But back to Carman. What happened on The Road to Reno? That’s why I’d like a peek into the Paramount files. Cal York claimed that Carman’s first picture (which he still thought was Strangers and Lovers) was scheduled for an eight-week shoot (“The girl’s lines need much camera attention.”). But if we can believe Motion Picture Herald’s timeline, The Road to Reno was shooting from June 27 to August 1. Five weeks, more or less. And no sooner was it announced as “Completed” (with Carman still attached) than a list of names “On the Dotted Line” was published, with Peggy Shannon where Carman used to be. Can it be that Carman went through the whole shooting schedule, then Paramount, looking at a rough cut, decided to replace her and sent Peggy Shannon in immediately to reshoot her scenes? The Road to Reno was able to make its September 26 release date eight weeks later, so the studio couldn’t have let much grass grow under their feet. I suspect Peggy was Plan B all the time, with Paramount stringing along with Carman to see if she was going to work out, then finally deciding she hadn’t.
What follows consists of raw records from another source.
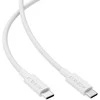 USB kabelis Acefast C18-03 60W USB-C to USB-C 1.2m baltas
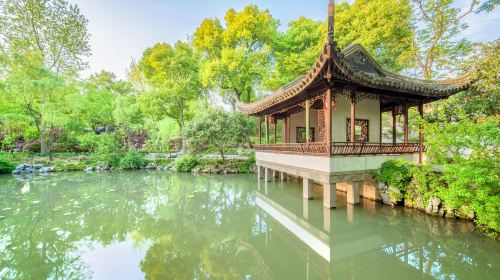 小团配耳麦上门接】拙政园+狮子林+虎丘+寒山寺+山塘一日游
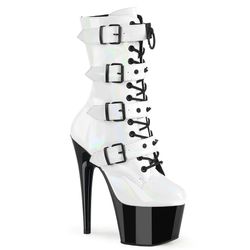 Varianten | Variants – White Holographic - Black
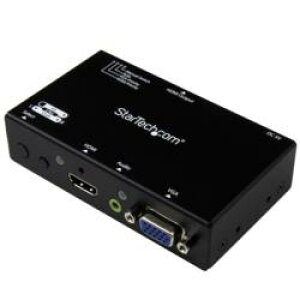 StarTech.com rfIXCb`[/HDMI VGA/21o/1080p/Dؑ(VS221VGA2HD) ڈ݌=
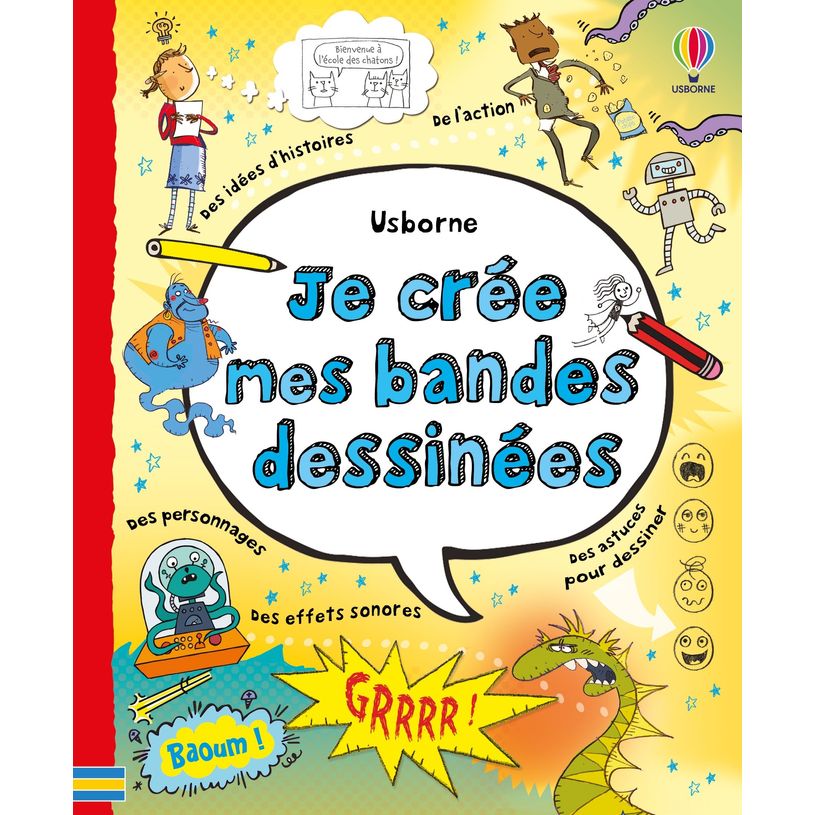 9781835400609-Usborne - Je crée mes bandes dessinées--0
What could have been the problem? The most obvious answer would be that she couldn’t act. But really, how bad would she have had to be? Have you seen Jean Harlow at the beginning of her career — in Hell’s Angels, for example? Or for that matter, Kim Novak in anything? No, I don’t think it was that.
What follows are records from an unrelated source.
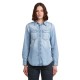 риза,с,дълъг,ръкав,дамски,ризи,g,star,slim,western,long,sleeve,shirt,blue,(sun,faded,blue,mist)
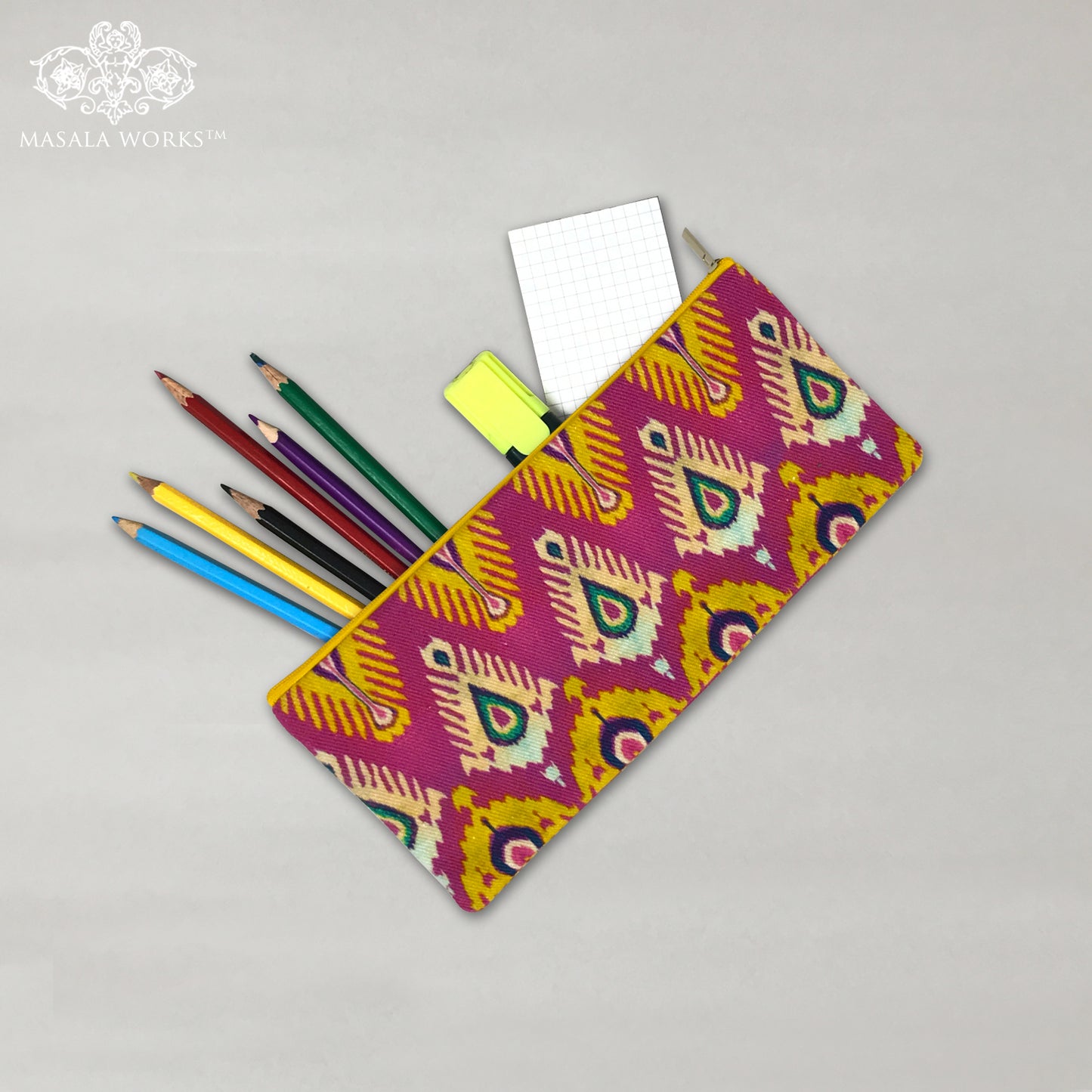 Ikat Pouch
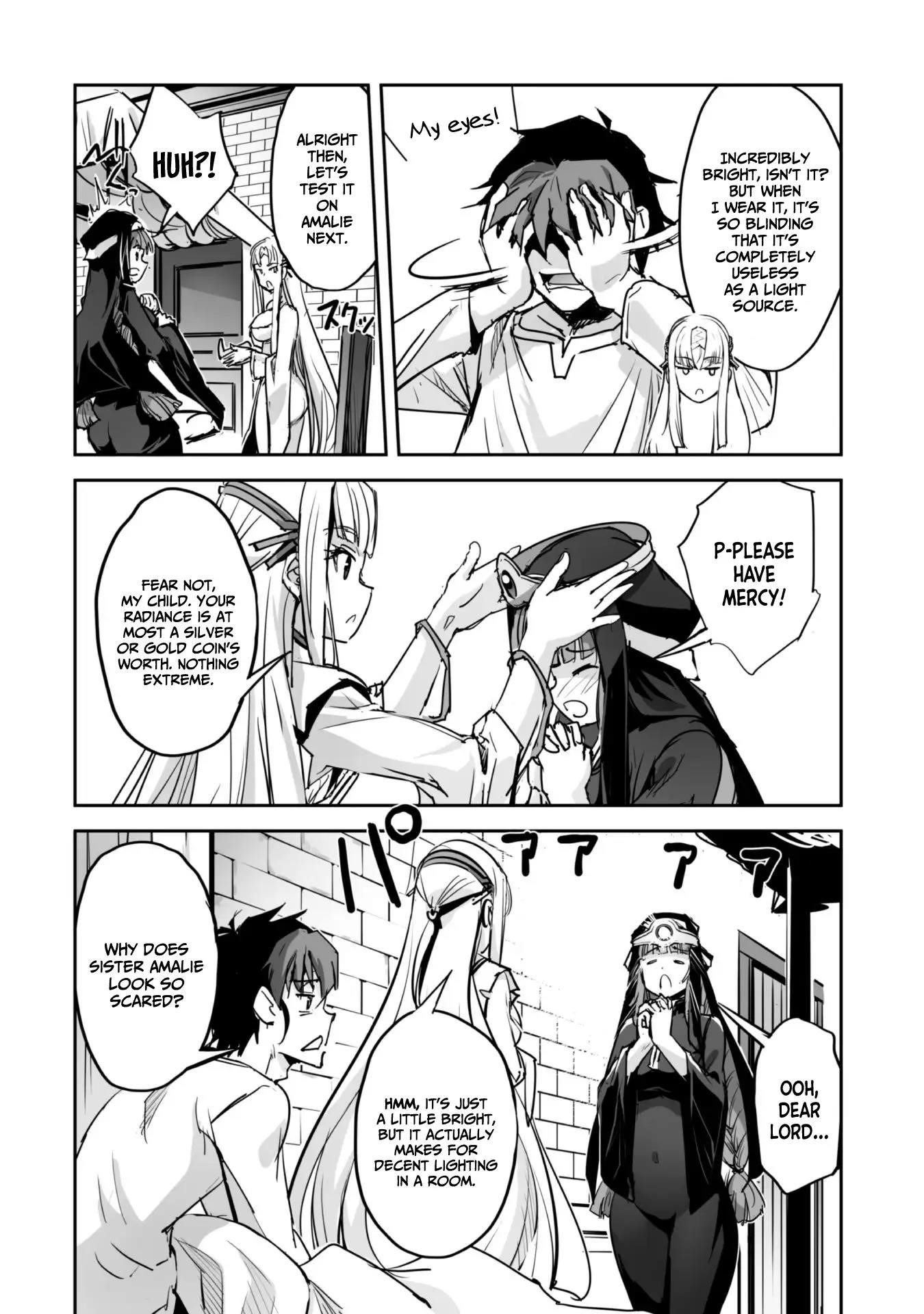 Capture a different world with the power of craft games! Chapter 49 - Page 11 in English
Later, looking back from its June 1932 issue, Motion Picture Magazine said Paramount had “discovered that the camera tests weren’t as satisfactory as Carman in person.” And even before the cameras rolled, in his profile in the May ’31 Silver Screen, writer Edward Churchill offered another hint. It was literally an afterthought, tacked on at the tail-end of his largely adoring profile:
“Anything else?
“Oh, yes.
“When Carman talks her eyebrows move — sort of wiggle…”
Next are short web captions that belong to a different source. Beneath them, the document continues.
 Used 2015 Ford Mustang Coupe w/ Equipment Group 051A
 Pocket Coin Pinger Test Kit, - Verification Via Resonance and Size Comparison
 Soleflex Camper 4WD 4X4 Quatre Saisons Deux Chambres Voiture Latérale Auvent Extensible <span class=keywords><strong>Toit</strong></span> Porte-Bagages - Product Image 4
Wiggling eyebrows, eh? Well now. Churchill described it as part of Carman’s “mysterious quality”, what he called “X” — “exotic, transparent and fascinating…like a vagrant tune from far away or a delicate perfume.” He was talking about Carman in person. But what about on the screen? I can imagine the following scenario:
The Paramount bigwigs get a look at some footage of Carman, either in screen tests or actual rushes from The Road to Reno. Somebody — B.P. Schulberg, maybe, or Jesse Lasky — pipes up: “What’s with those eyebrows? She looks like she’s got a couple of spastic caterpillars on her face.” (What looks like a charming little mannerism sitting across from you in an interview, or even on the set, could look very different projected on a screen twenty feet wide.) Somebody takes Carman aside. “Honey, you’ve got this thing you do with your eyebrows. It looks weird in the rushes.” Carman is surprised and a little affronted; nobody’s ever complained about the way she talks, for God’s sake. But she politely thanks whoever it is, says she’ll fix it.
And she tries, but it keeps getting away from her. Maybe it spoils some takes. “Cut! Carman, eyebrows!” “Cut! Eyebrows, Carman! Jeee-zus…Okay, I’m sorry. Let’s take it again…” Carman gets self-conscious, stiffens up (remember what she said in that letter to Clara Jackson, sending Clara kisses and facetiously “wonder[ing] if her chin’s at the right angle”). More takes, more self-conscious stiffness, ever stiffer, ever more self-conscious. Finally the bigwigs shrug, “She doesn’t come across like she does in person. Tough.”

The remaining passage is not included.